In ‘the Status of Content’ to get from “the predicate ‘x has truth condition p’ does not express a property” to ” ‘x is true’ does not express a property”, he goes this way:
The truth value of a sentence is fully determined by its truth condition and the relevant worldly facts. There is no way, then, that a sentence’s possessing a truth value could be a thoroughly factual matter (“true” does express a property) if there is nonfactuality in one of its determinants (“has truth condition p” does not express a property (1990: 175)
Isn’t there a hint of use/mention looseness in this passage? Going by the first sentence of the passage it is the truth-condition that matters for the truth value, not the predicate ‘has a truth condition’, but ignore this. ( I suppose the implicit idea is that the predicate would fail to express the property only if the property didn’t exist…. but that is not scepticism.

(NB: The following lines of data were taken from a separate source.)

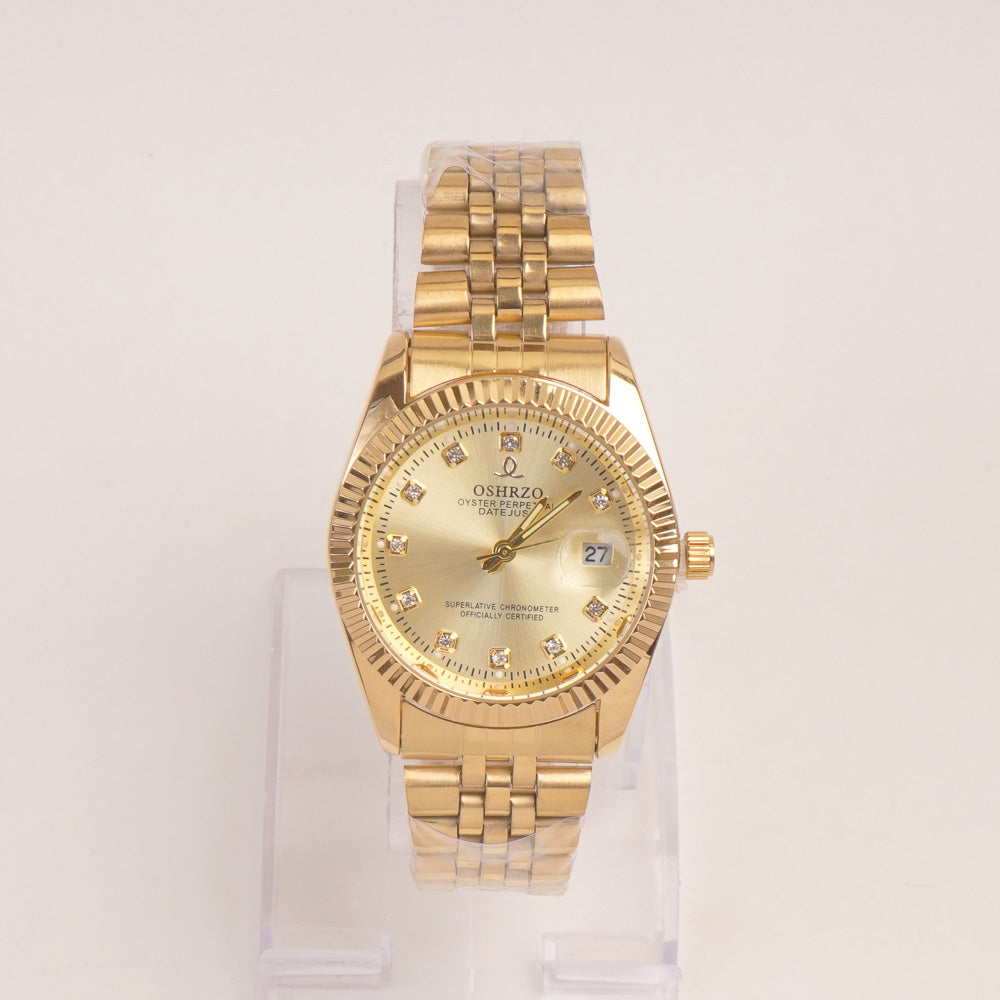 Woman Golden Chain Watch Golden Dial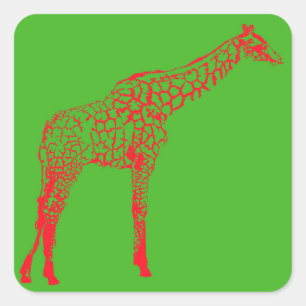 Adesivo Quadrado Papel de enrolamento de contornos Stencil Giraffe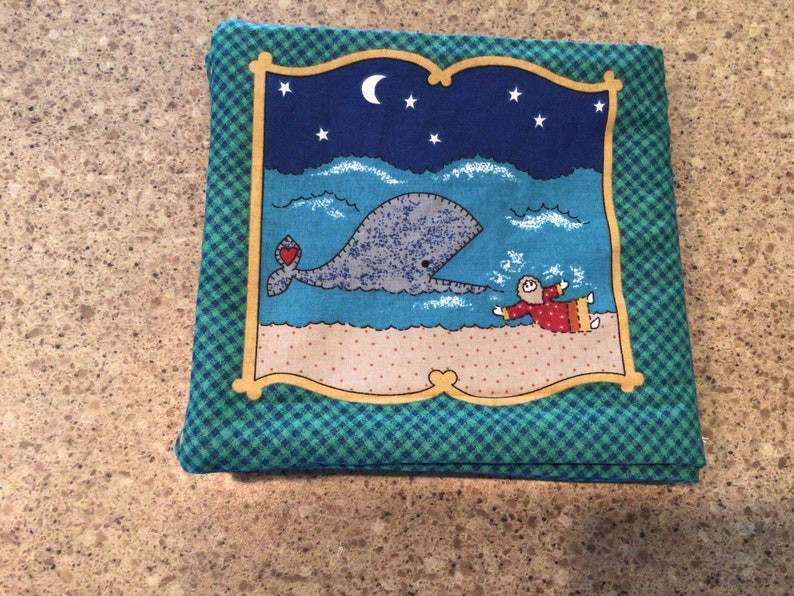 Vintage Jonah and the Whale soft book-fabric book-Bible story-8 page childrens Bible story image 8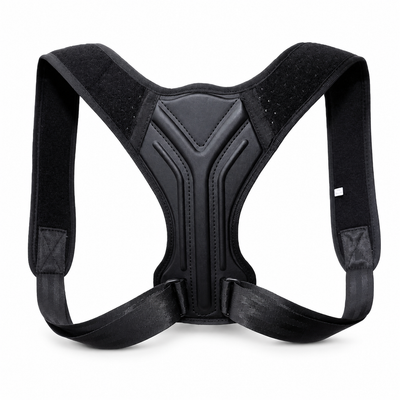 Black posture corrector back brace on white background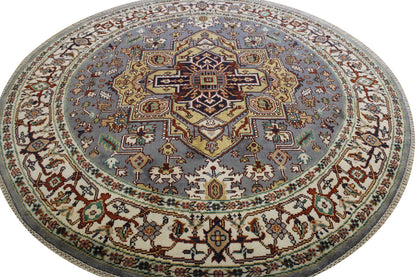 Tribal Indo Heriz Wool Hand Knotted Rug 7.10x7.10  -w20273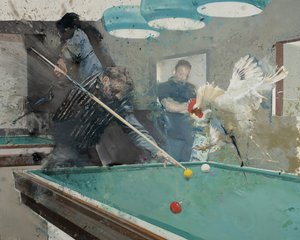 Billiards with rooster II by Nicola Pucci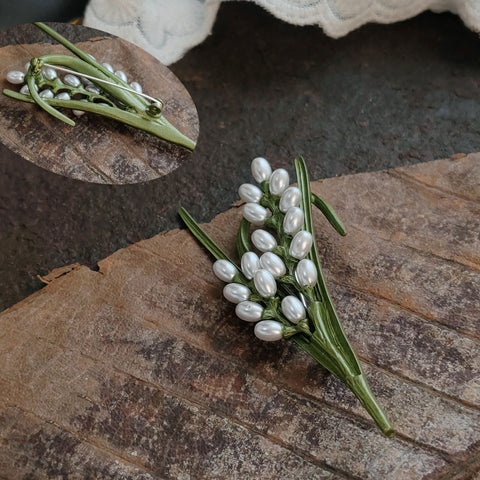 Floral Pearl Enamel Brooch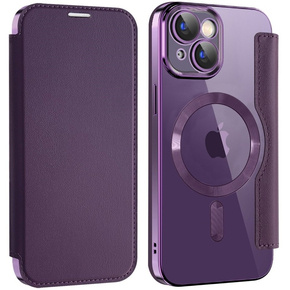 Etui do iPhone 15 Plus, FlipMag Secure portfel z klapką RFID, do MagSafe, fioletowe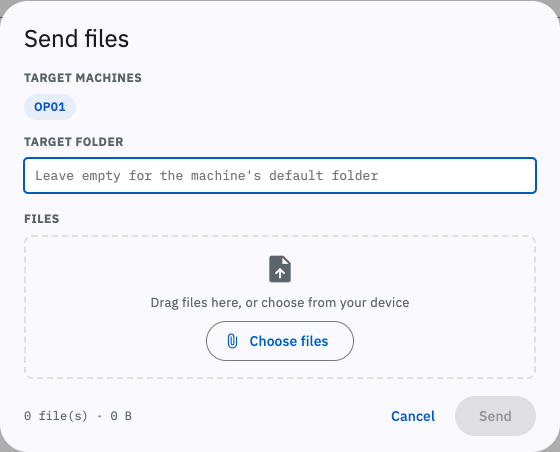 Send files dialog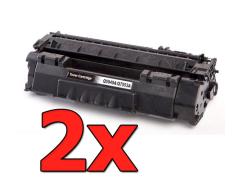 Compatible Pack 2x HP Q7553A Negro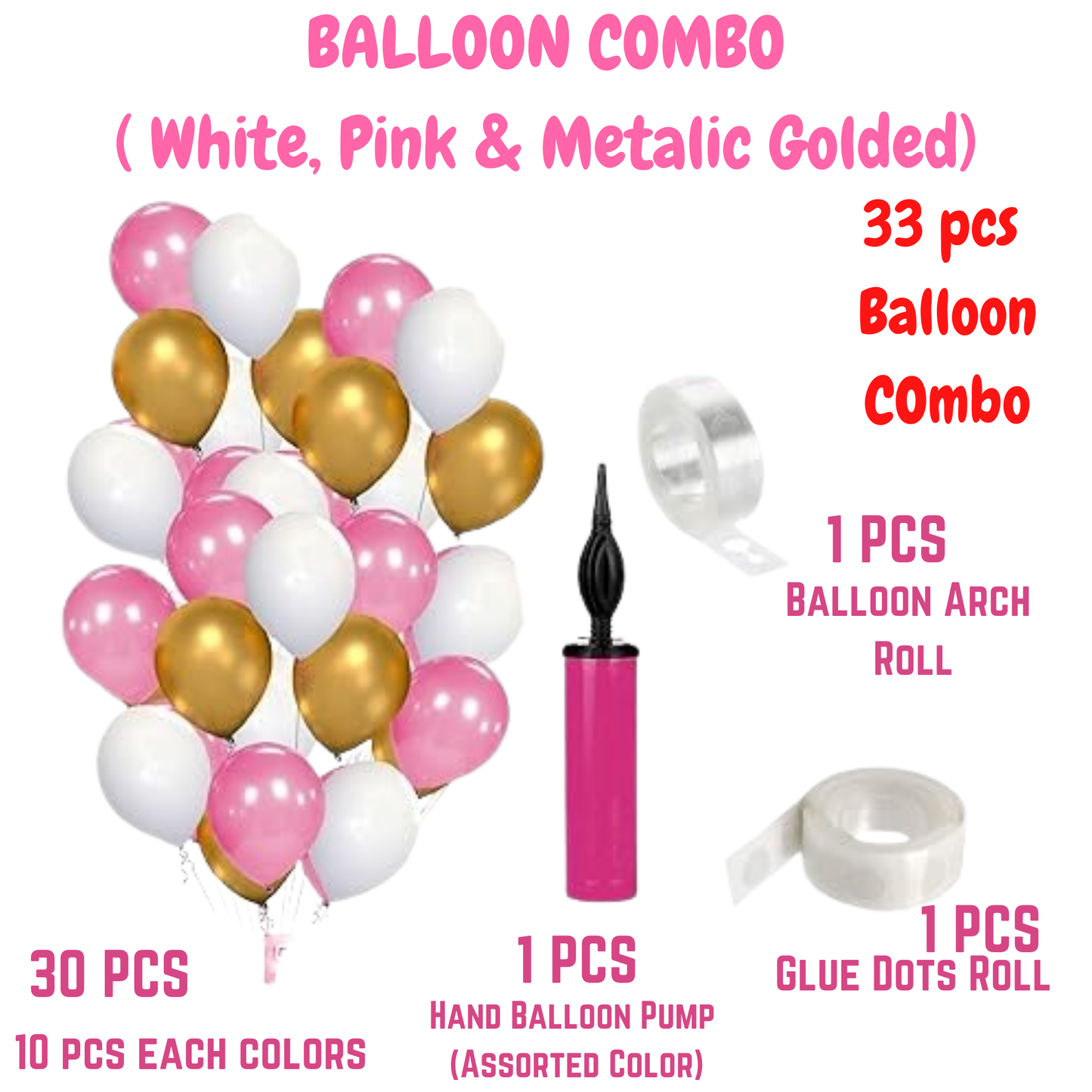 Pink White Gold Metallic Balloon Arch Garland Kit-33 PCS ,Balloon Air Hand Pump with Glue Dot and Balloon Arch Tape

Kripke never denies that addition and quaddition and the other functions exist, only that we have words and concepts to express them)
My worry about this passage is that the first sentence seems to buy in to the truth-conditional picture that the sceptic rejects. The sceptic is supposed to reject the whole picture of sentences having truth conditions. If you reject talk of truth conditions, you likely reject the lore associated with them. If the sceptic says sentences don’t have truth values, where does the argument go from there? Why can’t the sceptic claim that truth is a property of other things besides sentences (propositions say)? For the sake of argument, assume the sceptic says the following about truth: Propositions are sets of possible worlds and a proposition is true if and only if the actual world is a member of the set of worlds that constitutes the proposition. So the truth of a proposition consists in having the actual world as a member. This doctrine seems open to the sceptic. It has nothing particular to do with language. There would still have been set of possible worlds even if intelligent life hadn’t evolved.
The equivalent passage in the Rule-Following Considerations paper is:
Since the truth condition of any sentence S is (in part, anyway) a function of its meaning, a non-factualism about meaning will enjoin a non-factualism about truth conditions: what truth conditions S possesses could hardly be a factual matter if that in virtue of which it has a particular truth-condition is not itself a factual matter (1989: §15).
It is the same move.
I think my argument above is more direct. Nonfactualism says predicates don’t express properties. ‘True’ is a predicate. So the nonfactualist is committed to the claim that ‘true’ doesn’t express a property. This is minimalism about truth.
My worry about this argument is the status of the definitional connection between minimalism about truth and the denial that ‘true’ expresses a property in the context of scepticism. With scepticism about meaning in the picture, we ought to separate out elements of the minimalist thesis. The core element is the denial that truth is a substantive property. This is set alongside a view about what the predicate ‘true’ does given that it doesn’t express a property. The second thesis in the absence of the first would not count as minimalism about truth. Nonfactualism about meaning, if combined with the toy theory of truth described earlier, accepts the second thesis but rejects the first (or at least accepts the denial that the predicate expresses the property without denying that there is a property (of having the actual world as a member)).
Boghossian seems much too quick in ‘the Status of Content’. He equates ”true’ does not refer to a property’ with the denial that truth is a genuine property (1990: 175). And the toy theory would appear to be a counter-example to that move.